Each and every line below goes into your answer unchanged, but leave out the images.

DATA:
Start of Block
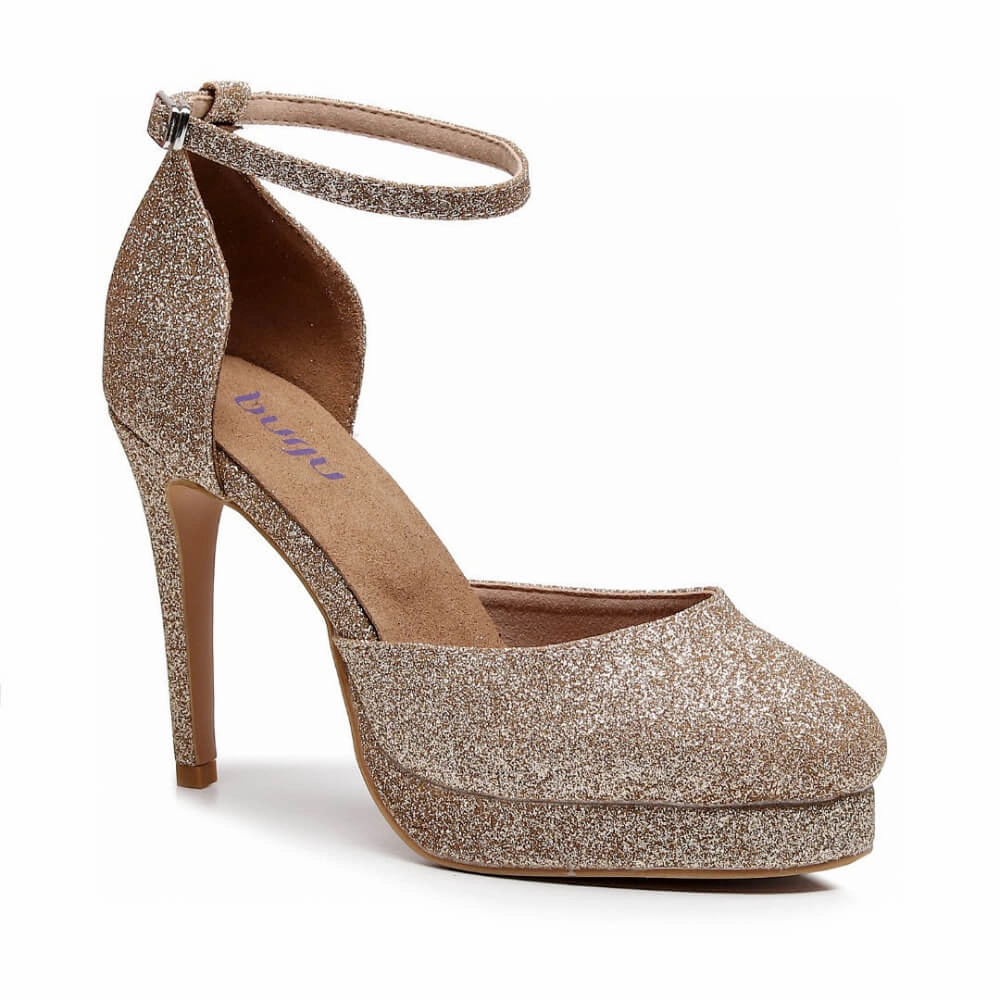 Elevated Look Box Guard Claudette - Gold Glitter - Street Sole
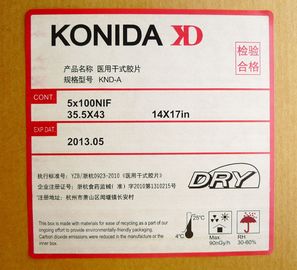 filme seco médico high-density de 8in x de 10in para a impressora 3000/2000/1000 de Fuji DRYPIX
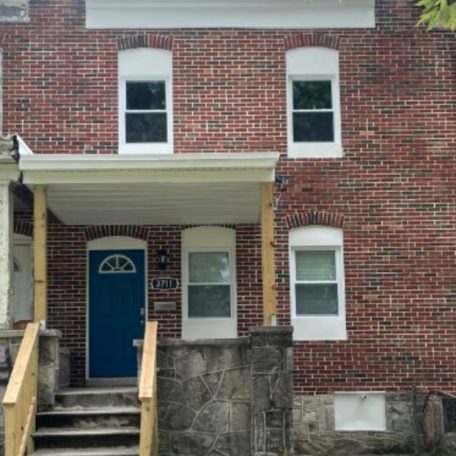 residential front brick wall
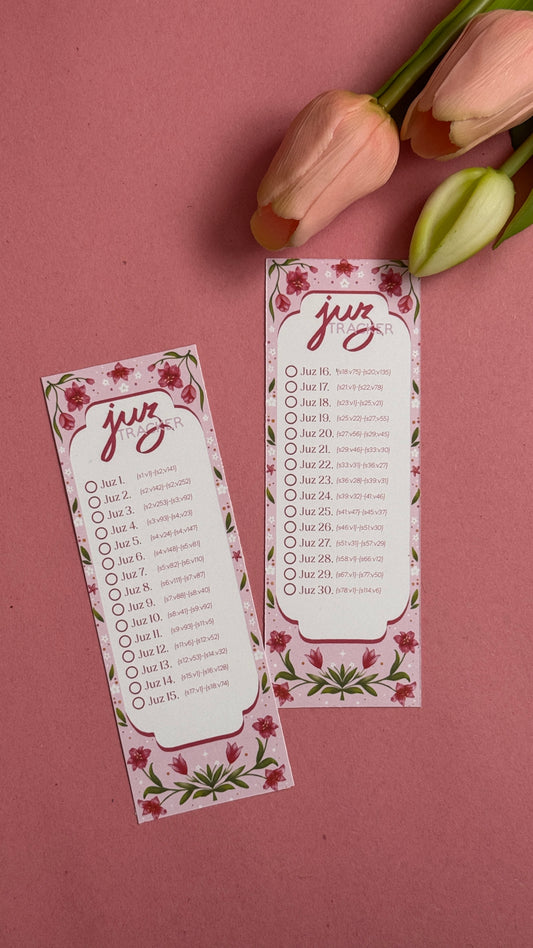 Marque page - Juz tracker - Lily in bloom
End of Block
WRITTEN SOLUTION:
 Elevated Look Box Guard Claudette - Gold Glitter - Street Sole
 filme seco médico high-density de 8in x de 10in para a impressora 3000/2000/1000 de Fuji DRYPIX
 residential front brick wall
 Marque page - Juz tracker - Lily in bloom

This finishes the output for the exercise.